• [Work to complete] Repeat the lines of the data exactly and exclude any picture among them.

Caption-style text data:
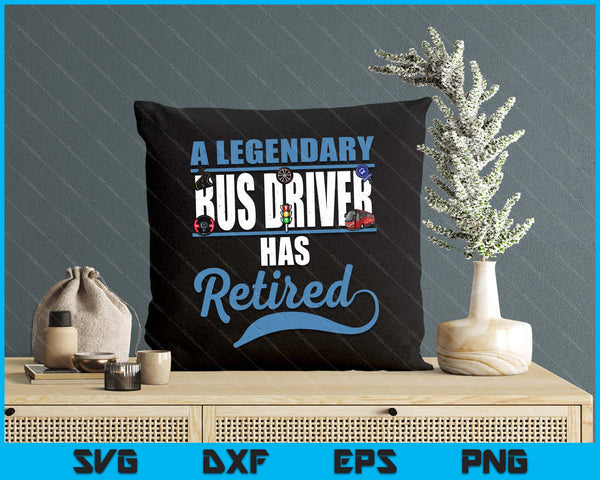 Retired Bus Driver Retirement SVG PNG Digital Printable Files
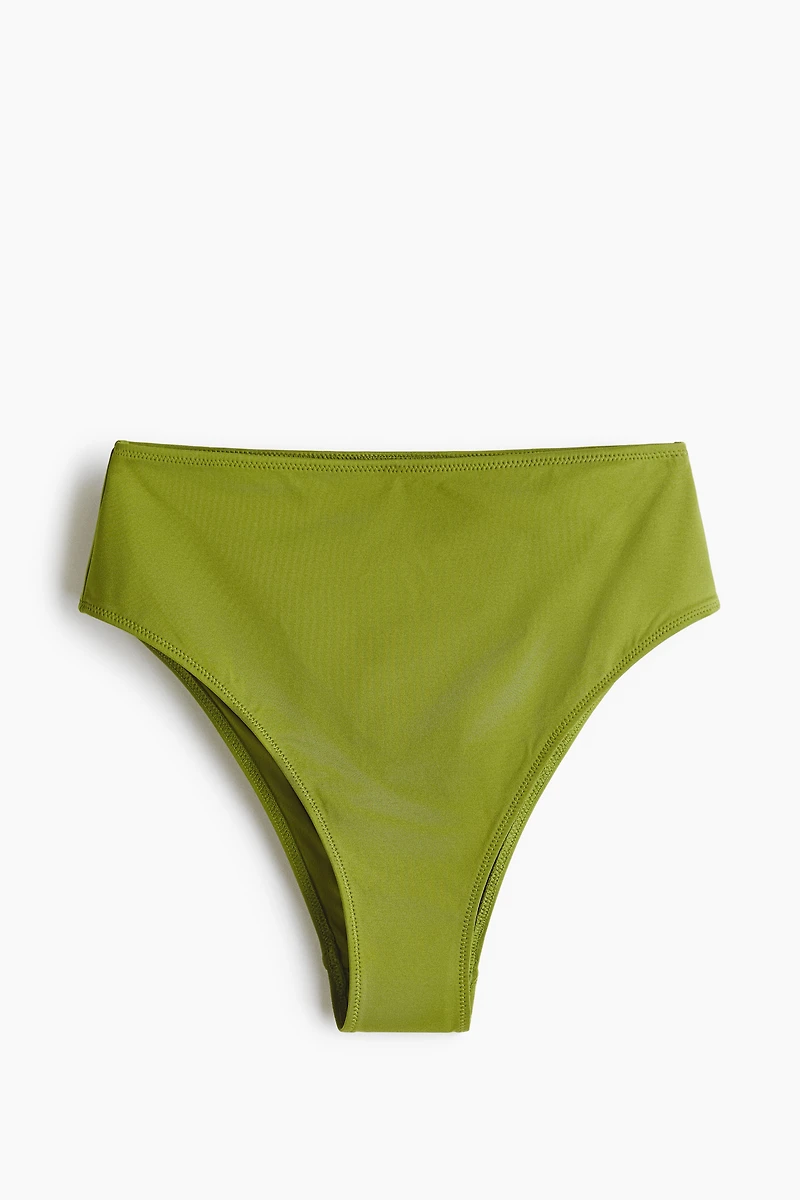 Bas de maillot échancré taille haute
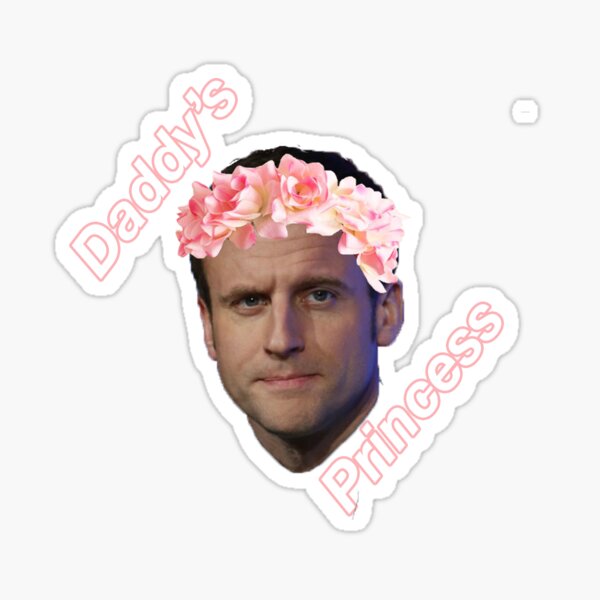 Emmanuel Macron La Princesse du Papa Sticker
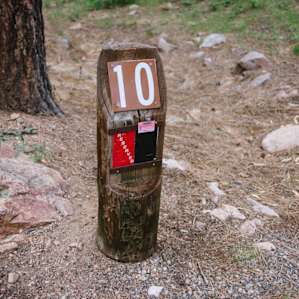 We stayed at campsite 10. It was the only one available. 11 and 12 are probably my favorites!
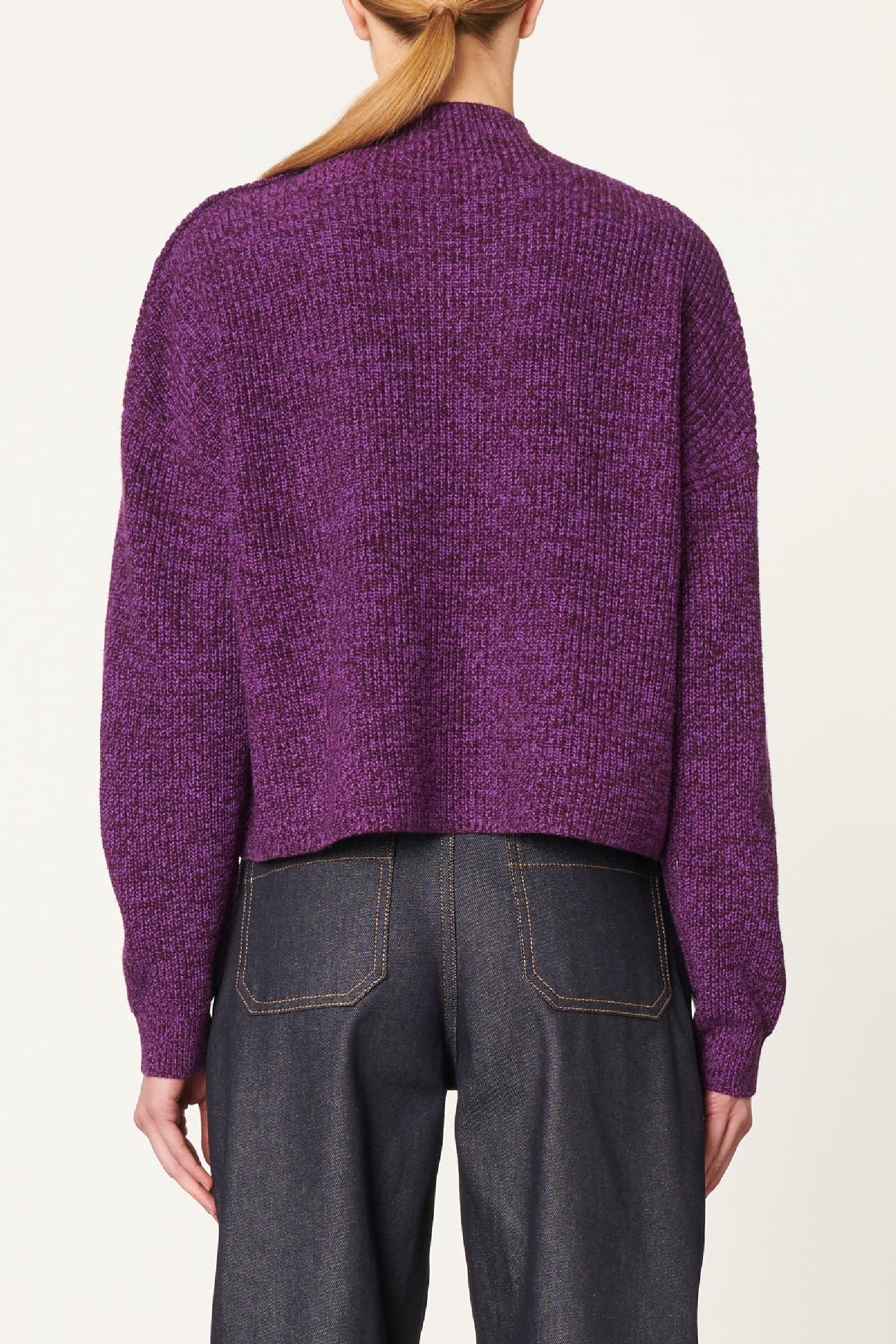 Pull à col montant Benson en laine - Mure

• [Answer section]
 Retired Bus Driver Retirement SVG PNG Digital Printable Files
 Bas de maillot échancré taille haute
 Emmanuel Macron La Princesse du Papa Sticker
 We stayed at campsite 10. It was the only one available. 11 and 12 are probably my favorites!
 Pull à col montant Benson en laine - Mure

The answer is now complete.